Net zoals een paard, ezel en varken is een giraffe een hoefachtige, dat betekent dat ze dus hoeven hebben. Bij een paard en ezel is het één geheel, maar bij giraffen is het in tweeën gedeeld, dus eigenlijk twee tenen.

Waar komen giraffen veel voor?

Giraffen komen veel voor in Kenia en Tanzania. Dat zijn twee landen in Afrika. . De giraffe heeft net zoveel halswervels als een mens dus 7 halswervels, maar omdat die wel dertig cm per wervel zijn, is die nek zo lang. Tel je daar de lange poten nog bij, dan kan een volwassen giraffe wel 6 meter hoog worden. Giraffen hebben ook nog kleine stompe horens. Ze zijn bruin met zwarte pluimpjes erop

Eten en drinken van de giraffe?

De giraffe heeft ook nog een hele bewegelijke tong.
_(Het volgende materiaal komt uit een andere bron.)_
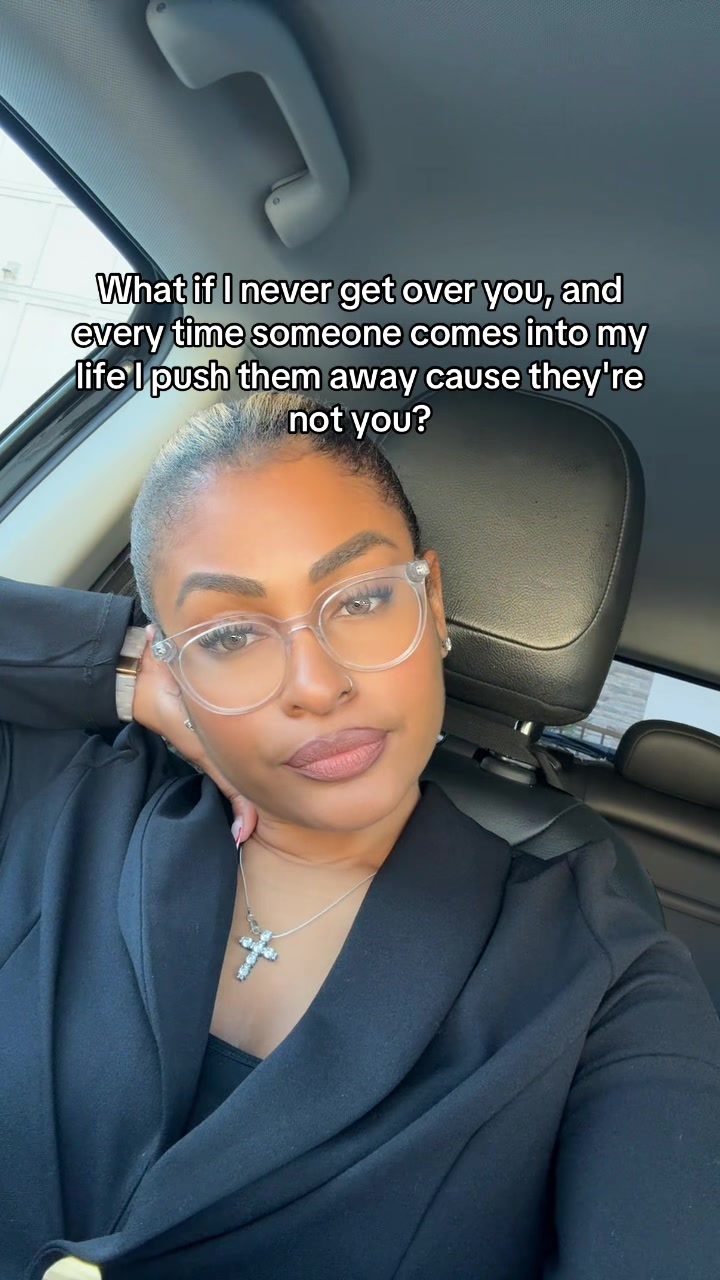 @Samantha🦋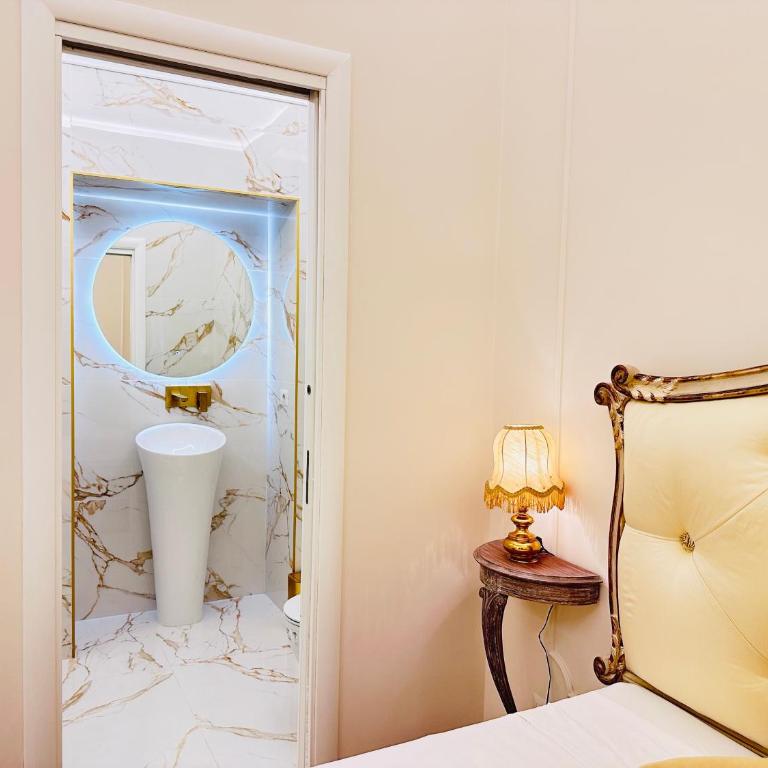 Trevi Fountain Elegant Suites - Appartamento Deluxe con 3 Camere da Letto - 38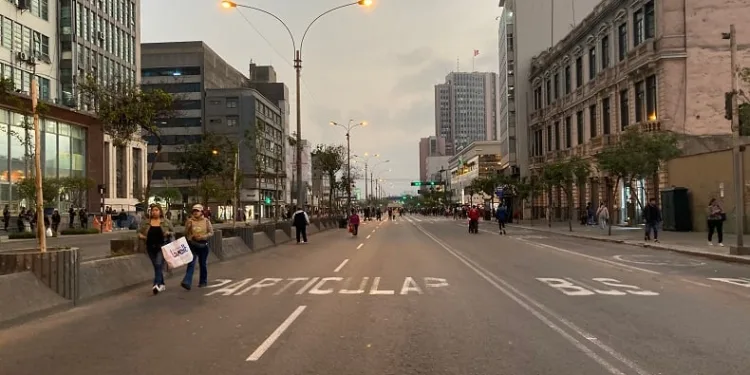 Peru’da şiddet olayları nedeniyle otobüs şoförleri 3’üncü kez greve gitti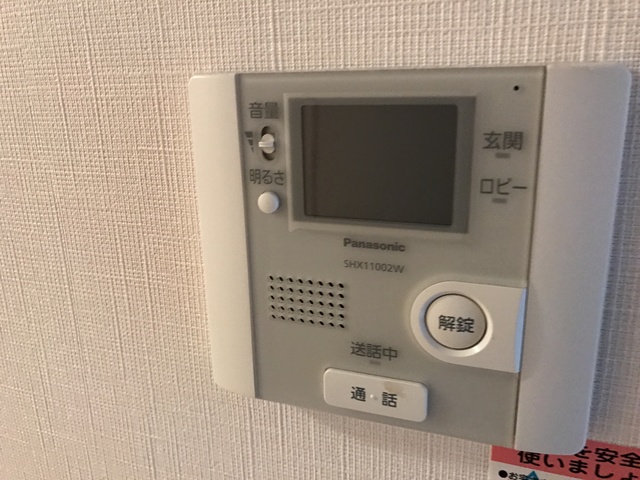 セキュリティ　モニター付きインターホン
De tong is 40 cm lang en is helemaal zwart. Ook is die tong wel heel sterk, hij kan er bladeren en takjes mee van de boom afrukken. De giraffe eet wel 12 uur per dag. De giraffe eet: bladeren, takken, doorns en vruchten. Als er lange tijden van droogte zijn kan hij lang zonder water. Maar wanneer een giraffe moet drinken kan een leeuw of een hyena hem gemakkelijk aanvallen. Om te drinken moet hij namelijk zijn voorpoten spreiden. Een hyena of leeuw valt aan in de nek dat is de meest gevoelige plek van de giraffe.

Gewicht, lengte en leeftijd 

De wetenschappelijke naam voor de giraffe is: Giraffa camelopardalis. De Engelse naam is: giraffe. De meeste giraffen worden 15 tot 25 jaar en de lengte is meestal 4 tot 6 meter. Het gewicht is van 550 kilo tot 1930 kilo. Zij leven in groepjes van 5 tot 20, of soms zelfs 40 dieren. Hun sterke gezichtvermogen en gehoor waarschuwen hen voor naderend gevaar. Giraffen kunnen heel hard rennen, als ze moeten vluchten, de snelheid is: 65 km per uur en hij kan ook nog zwemmen.

De geboorte

Net zoals bij vele dieren verschijnen eerst de hoefjes en dan komt het donkere snuitje tevoorschijn. Het girafje wordt naar buiten geperst en valt dan van een hoogte van 2 meter op de grond. De moeder besnuffelt dan haar jong en likt het met haar lange tong. Het jong is nat. Het jong probeert zijn kop op te tillen en op zijn poten te gaan staan. Dat lukt nu nog niet. Als het uiteindelijk lukt, ziet er nog niet uit. Het jong doet een stapje, wankelt en ligt alweer. Een uur na de geboorte kan het jong al zo lang staan dat hij ook bij de uier van zijn moeder kan, om te drinken. Een paar uur later loopt het jong al.